Ronald Prinn, Dir. MIT’s Center for Global Change Science: “there is significantly more risk than we previously estimated” - “This increases the urgency for significant policy action.” - “There’s no way the world can or should take these risks,”
2007 CSIS Report
Case 1 - Expected Climate Change
An average global temperature increase of 1.3°C by 2040.
National security implications include: heightened internal and cross-border tensions caused by large-scale migrations; conflict sparked by resource scarcity, particularly in the weak and failing states of Africa; increased disease proliferation, which will have economic consequences; and some geopolitical reordering as nations adjust to shifts in resources and prevalence of disease. Across the board, the ways in which societies react to climate change will refract through underlying social, political, and economic factors.
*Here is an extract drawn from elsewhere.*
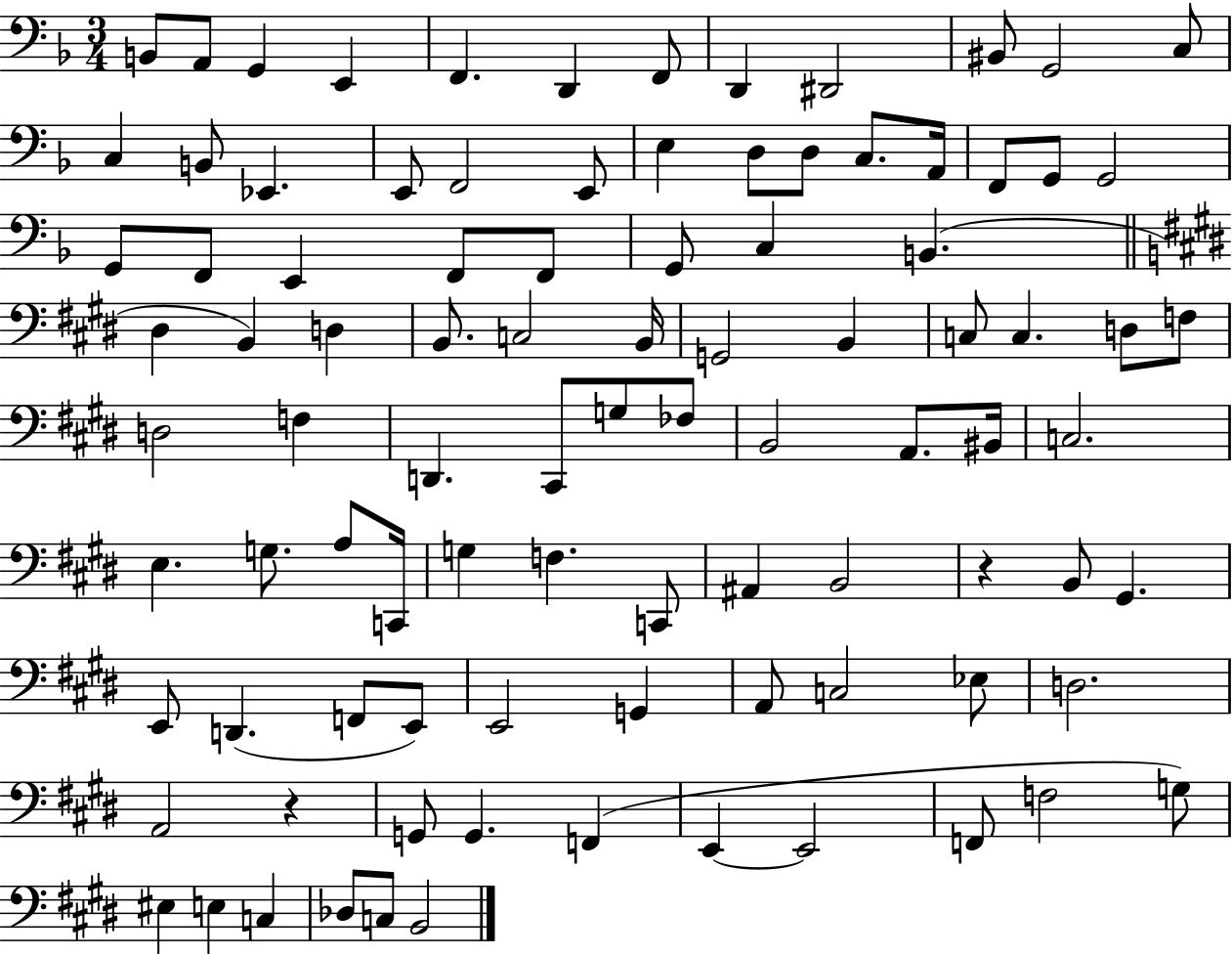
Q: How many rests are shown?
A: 2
Case 2 - Severe Climate Change
An average increase in global temperature of 2.6°C by 2040
Massive nonlinear events in the global environment give rise to massive nonlinear societal events. Nations around the world will be overwhelmed by the scale of change and pernicious challenges, such as pandemic disease. The internal cohesion of nations will be under great stress, including in the United States, both as a result of a dramatic rise in migration and changes in agricultural patterns and water availability. The flooding of coastal communities around the world, especially in the Netherlands, the United States, South Asia, and China, has the potential to challenge regional and even national identities. Armed conflict between nations over resources, such as the Nile and its tributaries, is likely and nuclear war is possible. The social consequences range from increased religious fervor to outright chaos. In this scenario, climate change provokes a permanent shift in the relationship of humankind to nature.
Case 3 - The Catastrophic Scenario
Average global temperatures increasing by 5.6°C by 2100
This catastrophic scenario would pose almost inconceivable challenges as human society struggled to adapt. It is by far the most difficult future to visualize without straining credulity. The scenario notes that understanding climate change in light of the other great threat of our age, terrorism, can be illuminating. Although distinct in nature, both threats are linked to energy use in the industrialized world, and, indeed, the solutions to both depend on transforming the world’s energy economy—America’s energy economy in particular. The security community must come to grips with these linkages, because dealing with only one of these threats in isolation is likely to exacerbate the other, while dealing with them together can provide important synergies.